Talking to Business 360, Revenue Secretary of the Ministry of Finance Shishir Kumar Dhungana has said that the draft bill has listed some sectors concluding that these could be the potential sectors for expansion in terms of their expertise, skill, technical knowhow and ability to be cost effective in service delivery as well as production.
“Restricting investment in foreign countries has been preventing growth prospects of certain sectors that have immense potential,” said the Revenue Secretary, “Barring investment abroad does not necessarily translate to increased investment within the country and curb capital flight but we can expect the practice of rampant hundi/hawala to be minimised after deregulating investment abroad.”
Citing the example of noodles, Dhungana said that local noodles manufacturers have to pay 80% customs duty to export noodles to Bangladesh, but if we allow a Nepali manufacturer to invest in Bangladesh, he or she will get local treatment there and can be competitive. Importing countries have placed priority on investment rather than imports. They provide incentives on foreign investment as it will create jobs in their economy and propel growth.
Dhungana added that the government would permit outward direct investment after cross-checking the sectors, the market potential, commitment to repatriate profit back home, and investment in priority sector defined by the government.

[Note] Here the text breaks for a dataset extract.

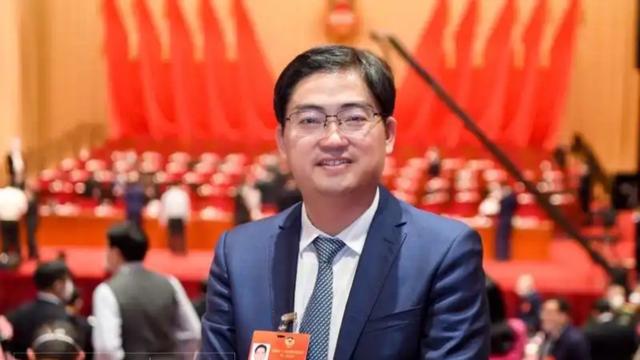 贵州省文联党组书记、副主席徐锡广调任省红十字会党组书记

Allowing outward direct investment does not necessarily mean allowing investors to take away capital as they wish. Investment will be opened for institutional investors following their commitment to return the profit earned by investing in the sector of their expertise to Nepal, according to revenue secretary Dhungana.
The Foreign Investment and Technology Transfer Policy has already stated that doors would be opened for investment for real investors on the basis of proper regulation.
Despite the ban, Nepalis are already making investments abroad using remittance money to invest abroad. Illegal means like hundi has thrived as remittance gets diverted. Many believe that if the government formally opens up investing abroad it could be regulated and decrease fraudulent activities.
Bhishma Raj Dhungana, Executive Director of the Foreign Exchange Management Department of Nepal Rastra Bank, said it was prudent to legally allow investors to invest abroad in certain sectors, especially as they have been resorting to illegal channels at present.
Private sector players have hailed the government’s plan of deregulating investment. Shekhar Golchha, Senior Vice President of the Federation of Nepalese Chambers of Commerce and Industry has said that the amendment of the law to deregulate investment will not only let Nepali entrepreneurs enhance their the capacity, but also provide an opportunity to expand Nepali businesses across the globe.